E deixou ainda um alerta: “Estamos a exportar capital humano altamente qualificado e não estamos a recebê-lo de volta.” Segundo o cientista, Portugal forma cerca de três mil doutorados por ano, mas a partir de 2008 a incorporação de investigadores no sistema científico parou. “A quantidade de doutorados portugueses lá fora é imensa.

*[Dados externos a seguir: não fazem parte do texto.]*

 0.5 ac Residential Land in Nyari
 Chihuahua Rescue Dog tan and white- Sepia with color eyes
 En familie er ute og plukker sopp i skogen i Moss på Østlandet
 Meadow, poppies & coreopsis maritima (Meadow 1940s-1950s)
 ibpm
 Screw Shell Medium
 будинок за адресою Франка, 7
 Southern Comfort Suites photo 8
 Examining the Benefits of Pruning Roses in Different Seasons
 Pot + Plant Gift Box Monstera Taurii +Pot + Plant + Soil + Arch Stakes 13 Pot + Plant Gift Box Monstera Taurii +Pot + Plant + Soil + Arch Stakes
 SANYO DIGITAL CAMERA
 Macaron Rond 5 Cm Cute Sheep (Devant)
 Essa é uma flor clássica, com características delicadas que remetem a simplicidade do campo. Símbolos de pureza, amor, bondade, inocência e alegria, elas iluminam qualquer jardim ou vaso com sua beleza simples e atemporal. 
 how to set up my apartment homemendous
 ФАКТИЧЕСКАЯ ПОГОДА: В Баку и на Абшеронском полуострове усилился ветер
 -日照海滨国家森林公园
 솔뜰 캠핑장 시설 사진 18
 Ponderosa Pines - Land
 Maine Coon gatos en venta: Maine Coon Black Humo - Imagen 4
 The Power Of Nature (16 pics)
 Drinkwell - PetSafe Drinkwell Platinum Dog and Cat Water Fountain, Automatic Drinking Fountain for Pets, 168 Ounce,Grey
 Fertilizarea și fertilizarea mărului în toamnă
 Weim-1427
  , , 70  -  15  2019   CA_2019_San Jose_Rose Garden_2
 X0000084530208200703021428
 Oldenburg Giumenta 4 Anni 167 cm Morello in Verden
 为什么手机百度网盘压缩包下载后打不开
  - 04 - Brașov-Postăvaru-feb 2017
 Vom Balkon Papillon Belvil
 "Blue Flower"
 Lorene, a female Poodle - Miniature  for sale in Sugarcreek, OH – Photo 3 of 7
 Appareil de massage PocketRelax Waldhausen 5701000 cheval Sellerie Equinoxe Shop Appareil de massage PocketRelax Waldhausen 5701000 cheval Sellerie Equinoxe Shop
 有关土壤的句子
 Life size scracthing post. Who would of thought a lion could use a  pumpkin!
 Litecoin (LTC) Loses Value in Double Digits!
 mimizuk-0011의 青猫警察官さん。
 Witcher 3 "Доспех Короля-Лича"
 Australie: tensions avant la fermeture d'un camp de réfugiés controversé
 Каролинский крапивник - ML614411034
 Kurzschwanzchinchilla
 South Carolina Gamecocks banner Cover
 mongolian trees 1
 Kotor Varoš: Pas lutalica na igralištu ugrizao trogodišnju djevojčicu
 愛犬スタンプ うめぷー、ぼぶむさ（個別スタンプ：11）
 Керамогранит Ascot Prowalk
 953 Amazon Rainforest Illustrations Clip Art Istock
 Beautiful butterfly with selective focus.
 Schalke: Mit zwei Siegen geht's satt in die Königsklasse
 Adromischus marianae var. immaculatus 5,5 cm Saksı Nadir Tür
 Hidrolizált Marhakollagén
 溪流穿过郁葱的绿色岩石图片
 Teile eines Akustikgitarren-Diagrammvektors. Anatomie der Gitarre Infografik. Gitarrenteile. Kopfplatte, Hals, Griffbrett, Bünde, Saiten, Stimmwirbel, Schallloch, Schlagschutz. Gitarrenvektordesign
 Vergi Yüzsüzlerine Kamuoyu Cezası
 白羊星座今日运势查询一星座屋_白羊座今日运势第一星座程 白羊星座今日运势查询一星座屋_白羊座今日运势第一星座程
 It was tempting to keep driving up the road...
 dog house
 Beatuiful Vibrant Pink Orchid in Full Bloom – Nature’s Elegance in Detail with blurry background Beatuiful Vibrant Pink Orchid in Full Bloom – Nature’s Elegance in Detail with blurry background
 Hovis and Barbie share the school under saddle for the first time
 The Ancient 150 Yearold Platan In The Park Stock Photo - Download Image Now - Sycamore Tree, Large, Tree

Isso preocupa-me porque quer dizer que não só os docentes universitários estão a ficar velhos como também os quadros de investigação”, referiu.

Também Carlos Salema, do Instituto de Telecomunicações, se mostrou preocupado com aexportação de doutorados”. “Nos últimos cinco anos, no Instituto de Telecomunicações doutoraram-se mais de 250 pessoas, dessas 44% estão na indústria e, destes, 44% estão na indústria estrangeira”, frisou.

“Daqui surgiram algumas ideias para se estabelecerem alicerces e se reformularem as actuais carreiras científicas”, notou Margarida Amaral depois do debate.“Fizemos um diagnóstico da situação e isso é importante porque temos sempre de ter dados fiáveis sobre a evolução da situação”, acrescentou Karin Wall, directora do Instituto de Ciências Sociais da Universidade de Lisboa e também organizadora da conferência. “A questão não é só se as pessoas têm um contrato de bolseiro e passaram a ter um contrato a termo: é o facto de terem uma carreira de dez ou 15 anos e ela ser fiável. É uma questão de estarem à vontade para continuar o trabalho que estão a fazer.”

Uma constatação final: havia poucos jovens na plateia. Ao que Karin Wall assinalou: “Temos de integrar os jovens e de saber integrá-los melhor. Enquanto comunidade científica, a nossa geração não foi capaz de os integrar no debate e de os confrontar com os problemas da política científica. Temos de criar diálogo entre todos os actores.”

As intervenções (de todas as conferências) vão ser compiladas e reunidas numa lista de recomendações, que será entregue ao ministro da Ciência, ao presidente da FCT e aos deputados. Entre o final de Junho e início de Julho, o resultado deste debate será divulgado numa última conferência no Porto.